About that “controlled by hard-left ideologues” thing … Leah McElrath tweeted pictures from Bend the Arc: Jewish Action showing Bernie Sanders as a puppet master behind Joe Biden. We can easily forget that Sanders is Jewish.
Presenting Jewish people as puppet masters is a long-standing anti-Semitic trope.
(The same trope is also being employed whenever you hear allegations that George Soros is behind events.)
McElrath added:
On Rosh Hashanah call, Trump tells American Jews “We love your country.”
He means Israel.
The idea of Jewish Americans having dual loyalty is a foundational anti Semitic trope.
You can be sure his white nationalist supporters heard this dog whistle.
I’m not sure what chain of links got me to a Twitter thread by A.R. Moxon from last May. It’s still accurate, though one should multiply the death count by 2.3. The American Independent had tweeted a video of the nasty guy saying:
It's a very small percentage, a very, very small percentage … a tiny percentage.
Moxon
explained:
The points he’s making are:
1) most people aren’t even affected
2) most affected don’t die
He’s saying “look, it’s a percentage game, and you’ll probably beat it.”
You see?
If unchecked, the projection is several million dead.
Trump’s saying “yeah but it’s a big country.”
Not merely unconcern for those who have died; rather deliberate unconcern for those who will die if we simply decide we're going to let them die rather than doing the work and paying the cost.

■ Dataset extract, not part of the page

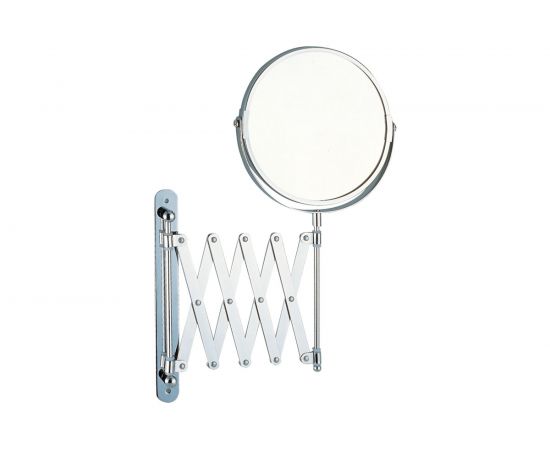 Зеркало косметическое Рыжий кот 17см двустороннее Х5 настенное M-1612 310452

Not just a case for acceptable loss, but a case to make any amount of loss acceptable.
It's a level of unconcern for human life so deep and vast and total that most people refuse to comprehend it for what it is.
A leader capable of it is capable of killing millions. A population obeying such a leader makes such death inevitable.

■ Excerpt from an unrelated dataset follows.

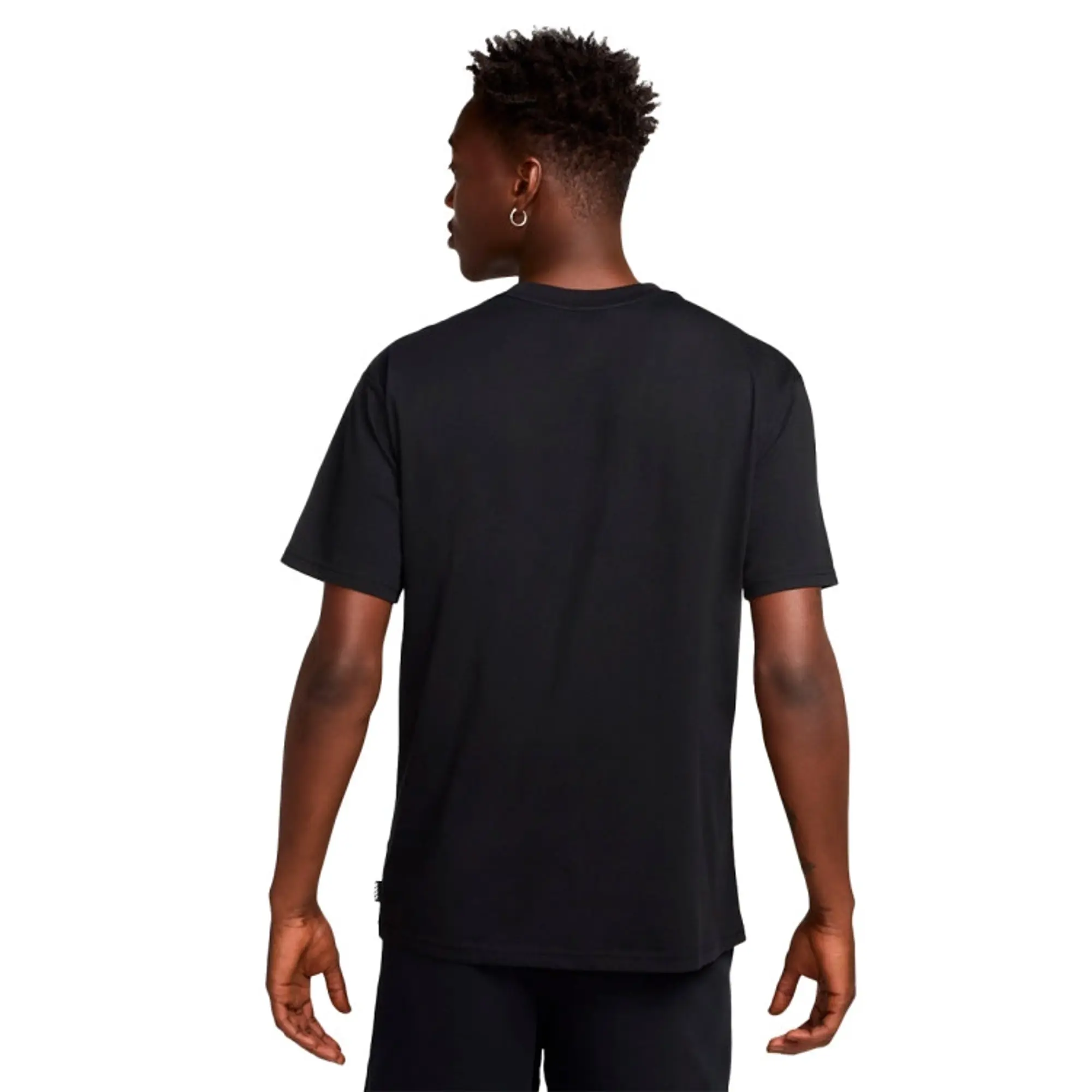 Nike M90 Men T-Shirts - Black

That's what we're fighting.
Leah McElrath, speaking of the nasty guy
tweeted:
His attacks the media are analogous to narcissistic abusers’ efforts to isolate their victims.
As those of us who have lived through these dynamics interpersonally know, the sad reality is there is no easy end to this situation.

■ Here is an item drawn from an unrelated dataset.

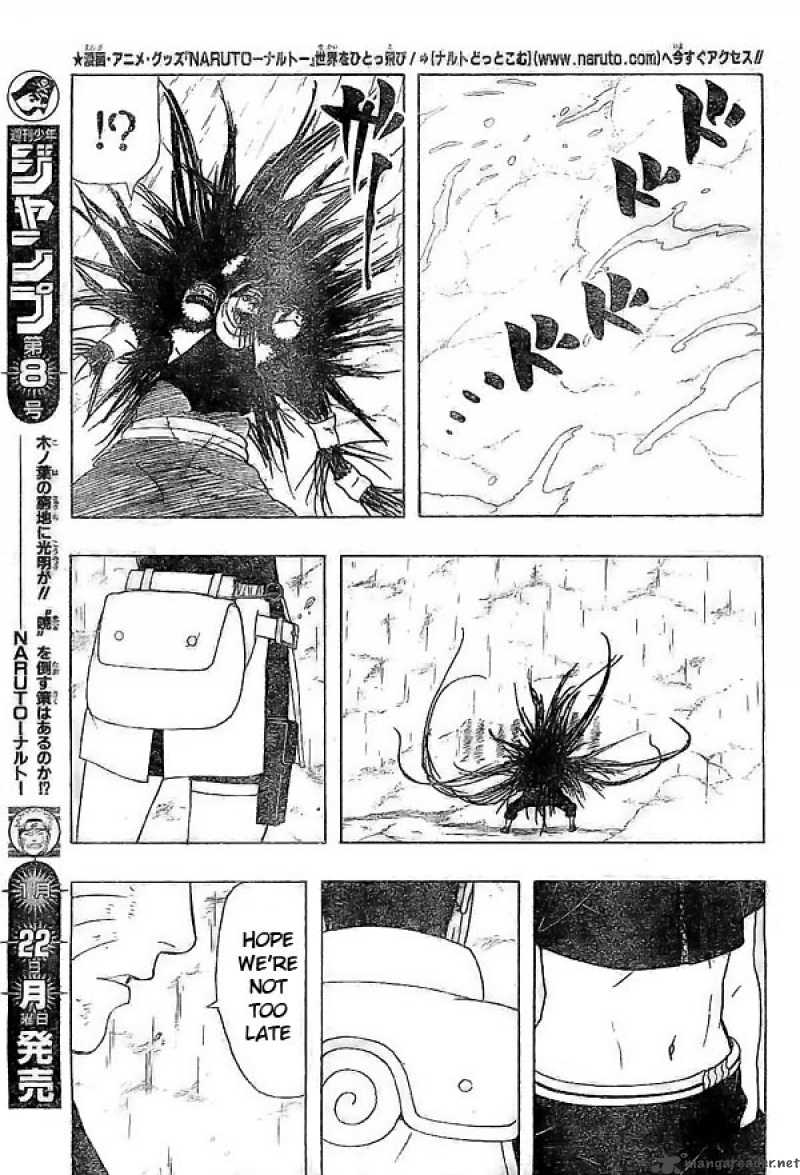 Naruto Chapter 337 - Page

Malignant narcissists attempt to annihilate those with whom their relationships end.
Trump will target our nation for annihilation if he loses.
Mark Sumner of Kos commented on a decision by Scientific American. The nasty guy – and the GOP in general – are so anti-science that this science magazine has, for the first time in its 175 year history, endorsed a candidate for president.
Of course they endorsed Biden.
1845 was back in the Polk administration.